In the first part of my Demystifying Proxmox VE series, I built a 2-node Proxmox VE cluster in a nested lab using VMware Workstation, added a QDevice for quorum, and played with local ZFS replication and manual failover. That gave me a solid feel for how Proxmox handles clusters, storage replication, and VM mobility—even without shared storage.

In this next chapter, I’m taking the lab one big step closer to a “real” production-style design: introducing shared ZFS storage via a dedicated TrueNAS VM. Instead of each node having its own local ZFS pool plus replication, both Proxmox nodes will now point to a single ZFS-backed NFS export living on a separate storage VM. That unlocks true Proxmox HA, clean migrations, and a much more realistic simulation of how you’d actually deploy Proxmox in the wild.
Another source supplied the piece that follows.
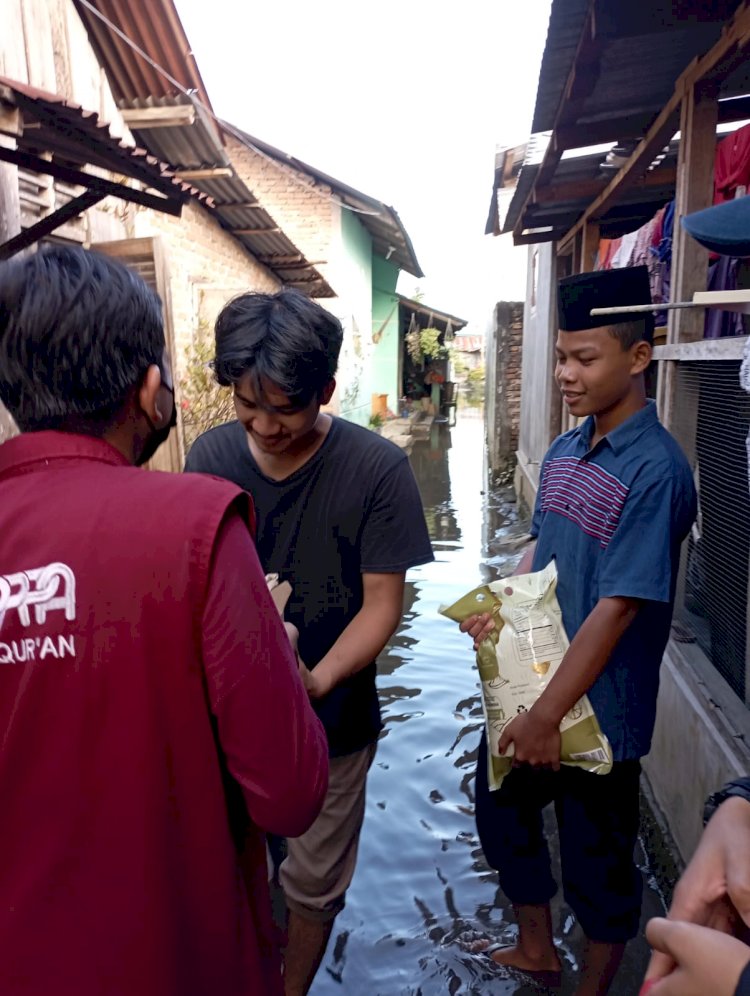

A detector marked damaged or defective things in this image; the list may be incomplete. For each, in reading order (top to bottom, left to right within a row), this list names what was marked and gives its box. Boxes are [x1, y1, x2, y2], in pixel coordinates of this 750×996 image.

rusty metal roof sheet [0, 77, 209, 210]
rusty metal roof sheet [229, 127, 426, 280]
The best part? I’m still doing all of this inside VMware Workstation. No extra hardware required—just a bit of planning, a few virtual disks, and a TrueNAS VM acting as a poor man’s SAN.

Recap

Where We Left Off (Part 1)

2-node Proxmox VE cluster on VMware Workstation
Local ZFS (vmdata + vmdata/vmstore) on each node
QDevice for quorum
ZFS replication + manual failover/failback

Why Shared Storage Matters (and Why Local ZFS Alone Isn’t Enough)
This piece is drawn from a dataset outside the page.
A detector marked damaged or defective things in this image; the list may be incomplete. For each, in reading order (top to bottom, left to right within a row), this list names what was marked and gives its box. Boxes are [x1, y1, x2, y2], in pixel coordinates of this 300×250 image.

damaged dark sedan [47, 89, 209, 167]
Local ZFS on each Proxmox node is fantastic for performance, data integrity, and simple replication workflows—but it doesn’t give you true high availability. With local-only ZFS, every VM disk lives on the node where it was created, meaning another node can only run that VM if the disk is manually migrated or replicated ahead of time. That works for backups and planned failovers, but not for seamless, automatic recovery.

Shared storage changes the entire equation. When all nodes can access the same VM disks simultaneously—over NFS, iSCSI, or a distributed filesystem like Ceph—Proxmox gains the ability to restart a VM instantly on another node when a failure occurs, without needing to copy or sync anything.
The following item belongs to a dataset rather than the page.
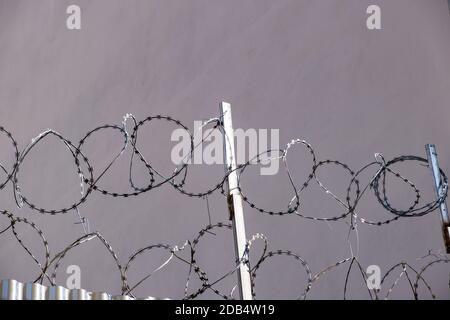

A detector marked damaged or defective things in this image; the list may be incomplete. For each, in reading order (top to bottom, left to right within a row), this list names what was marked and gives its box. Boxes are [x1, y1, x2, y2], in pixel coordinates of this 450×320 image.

rusty wire section [0, 115, 448, 300]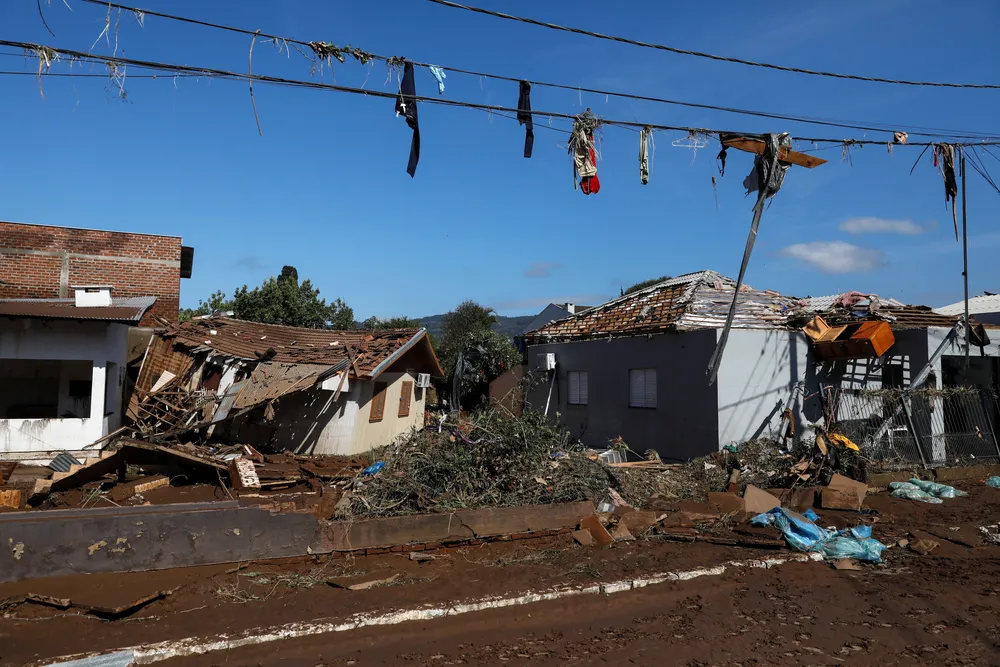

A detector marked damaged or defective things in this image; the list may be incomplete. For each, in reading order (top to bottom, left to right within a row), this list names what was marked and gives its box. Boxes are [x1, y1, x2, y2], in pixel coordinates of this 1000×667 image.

damaged house [131, 318, 444, 454]
damaged house [524, 272, 1000, 464]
In other words: local ZFS gives you resilience, but shared storage gives you High Availability. This is why adding a shared ZFS-backed storage solution (like TrueNAS) is the key upgrade that unlocks real HA behavior in any Proxmox cluster.

You might ask “Why TrueNAS Instead of Other NAS OS/Software?”

TrueNAS is built directly on OpenZFS, giving it a native, fully integrated ZFS implementation—something other NAS OSes (OMV, UNRAID, etc.) simply cannot match.

Because ZFS is at the core of TrueNAS—not an add-on—it provides end-to-end checksumming, self-healing, native snapshots, compression, ARC caching, and rock-solid data integrity out of the box. Even more importantly for Proxmox users, ZFS exported over NFS is natively supported by Proxmox, making TrueNAS one of the most seamless and stable shared-storage backends for clustering and HA. Other NAS platforms can technically share storage, but they lack ZFS’s consistency guarantees and the tight integration Proxmox has with ZFS datasets.

TrueNAS Virtual Machine

Let’s download the official ISO for TrueNAS CE from here – https://www.truenas.com/download-truenas-community-edition/

Before we spin this VM up, let’s do some capacity planning first –

On our ‘local ZFS pool’ test, we used 2 x 300GB to spin up and migrate 1 x Windows Test VM.
TrueNAS website recommends ‘2 x identically sized disks’. This is mainly for mirroring.
- For this ‘shared ZFS pool’ test, I will go with 2 x 500GB disks for ZFS pool. The main reasons for this size bump are –
  - ZFS snapshots duplicate metadata.
  - Replication ‘temporarily’ doubles usage.
  - Probability of spinning up additional VMs.
  - HA failover may require full VM image transfers.
  - ZFS wants 20% free space to stay healthy.

Build Plan

Name – trunas01

FQDN – trunas01.minerva.lan

IP Address – 10.0.26.15/25

RAM – 16GB

vCPU – 4

Disks – 3 (Total – 1020GB)
- Disk 0 (Boot Disk) – 20GB
- Disk 1 (ZFS Mirror Member#1) – 500GB
- Disk 2 (ZFS Mirror Member#2) – 500GB

VM Creation

Let’s fire it up.

I will choose my 20GB boot disk for TrueNAS install location.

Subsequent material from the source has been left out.